**Try it:**
If a record below holds a picture, leave the picture out and copy the rest exactly.

**Given entries:**
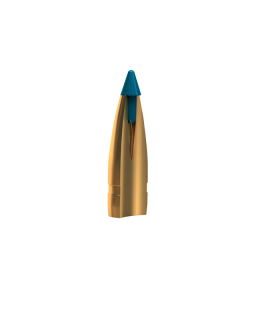 Cartridge 300 AAC BLACKOUT TXRG 110 GRS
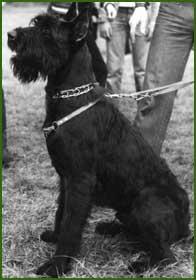 Ino von Montana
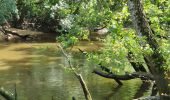 Tocht Hybride fiets Le Teich - Le Teich - Photo 12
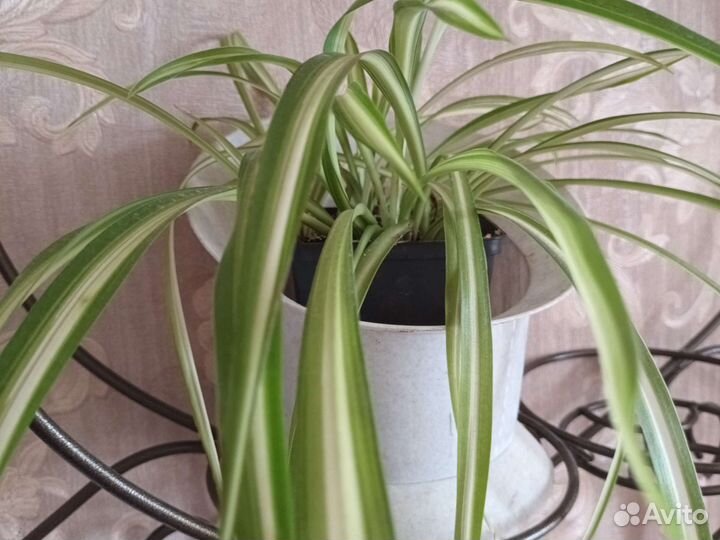 Хлорофитум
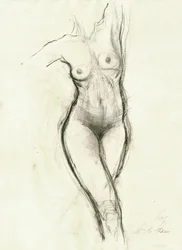Graceful Female Sketch
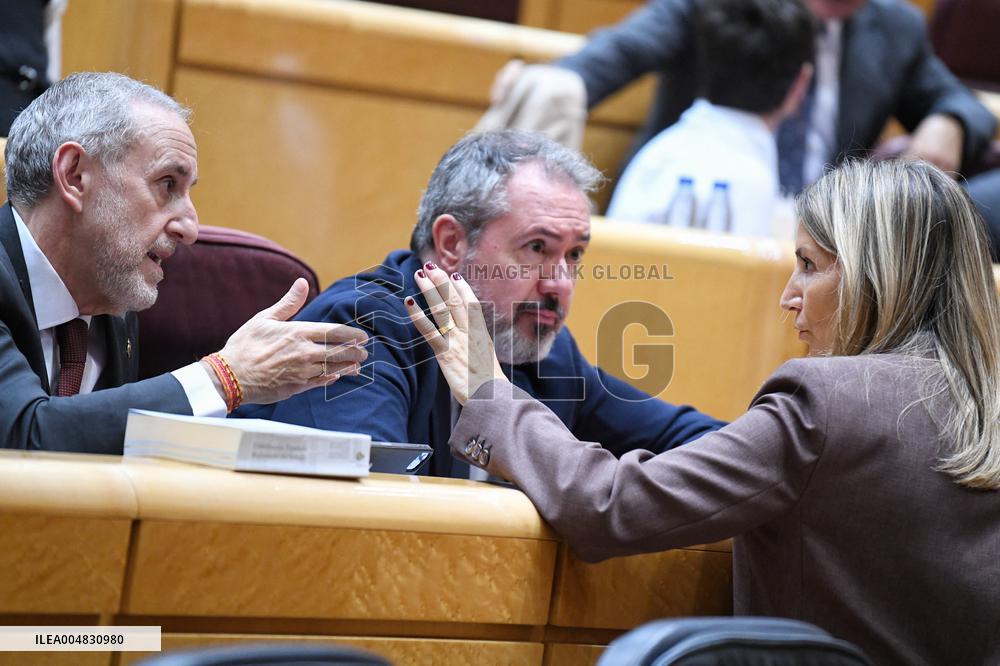 Government Faces Economic Questions in Senate - Madrid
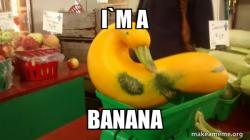 Gourd Advice Mallard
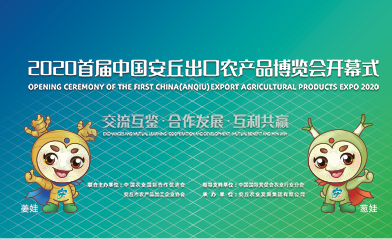 直播|2020首届中国安丘出口农产品博览会开幕式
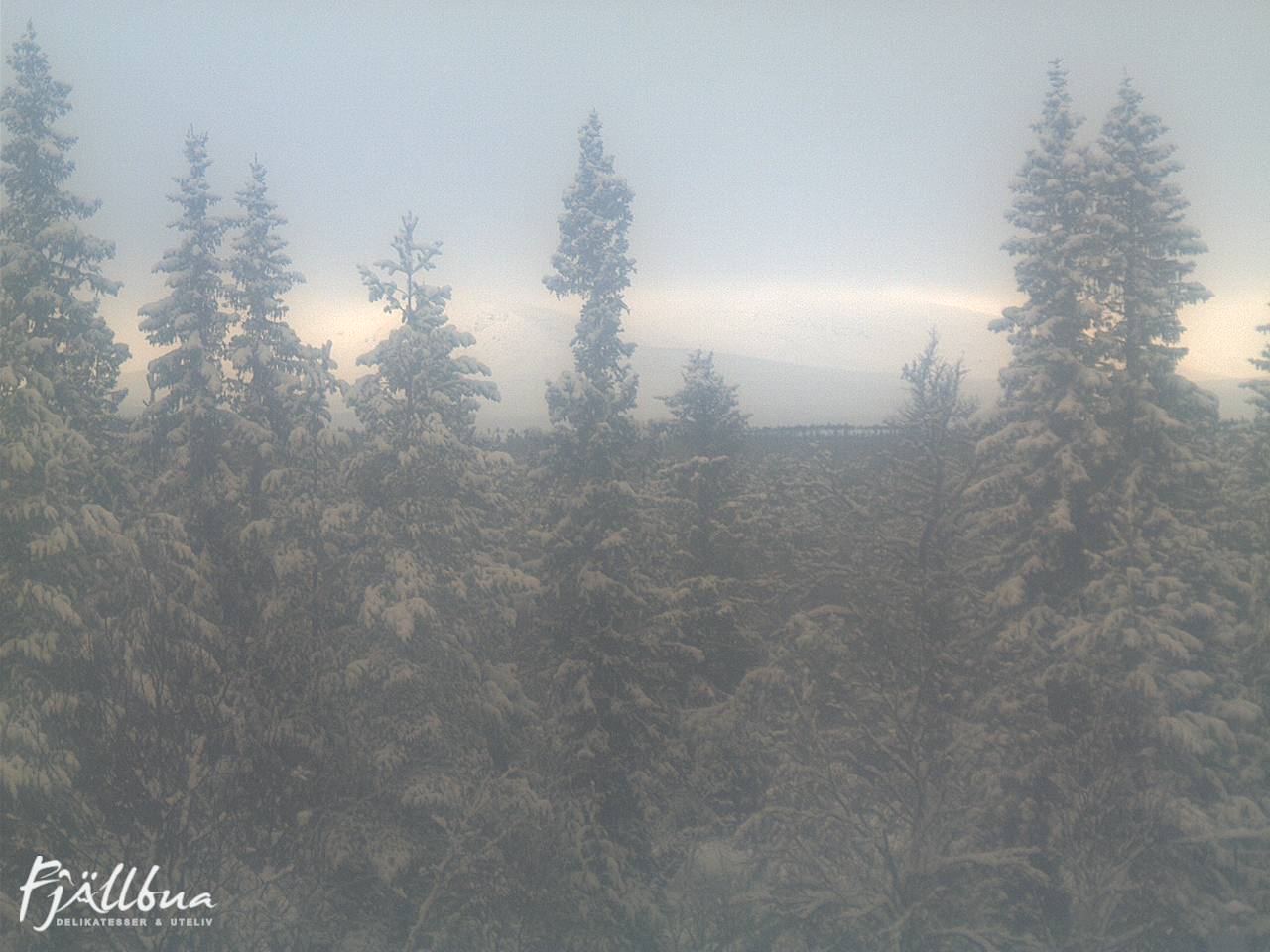 Fjällbua webcam 2025-03-10 14:30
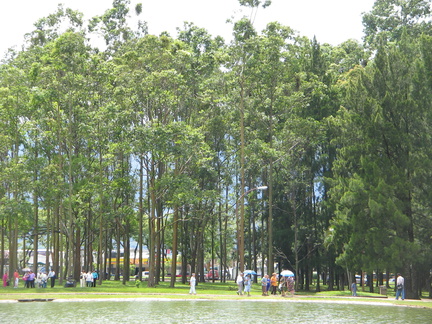 IMG 5708 Parque La Sabana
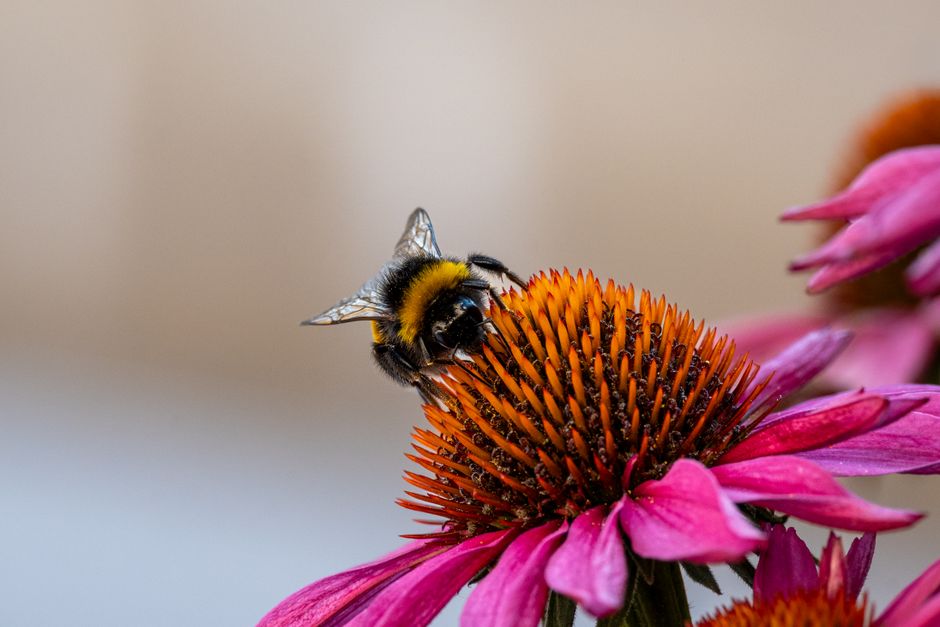 Bijvriendelijke planten in volle bloei.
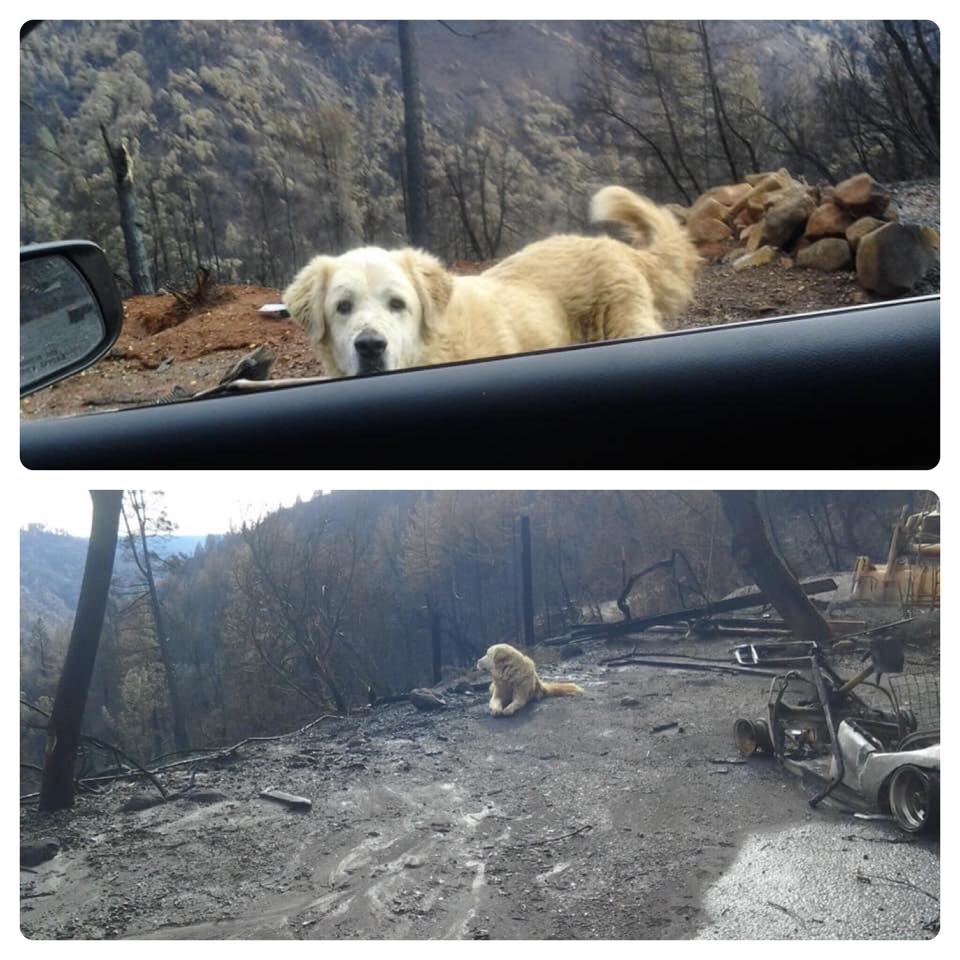 美國北加州11月爆發災難性野火,安那托利亞牧羊犬麥迪遜逃過死劫,仍在守候已燒成廢墟的家園,等待主人歸來。(圖取自www.facebook.com/K9PawPrintRescue)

**Your response:**
 Cartridge 300 AAC BLACKOUT TXRG 110 GRS
 Ino von Montana
 Tocht Hybride fiets Le Teich - Le Teich - Photo 12
 Хлорофитум
Graceful Female Sketch
 Government Faces Economic Questions in Senate - Madrid
 Gourd Advice Mallard
 直播|2020首届中国安丘出口农产品博览会开幕式
 Fjällbua webcam 2025-03-10 14:30
 IMG 5708 Parque La Sabana
 Bijvriendelijke planten in volle bloei.
 美國北加州11月爆發災難性野火,安那托利亞牧羊犬麥迪遜逃過死劫,仍在守候已燒成廢墟的家園,等待主人歸來。(圖取自www.facebook.com/K9PawPrintRescue)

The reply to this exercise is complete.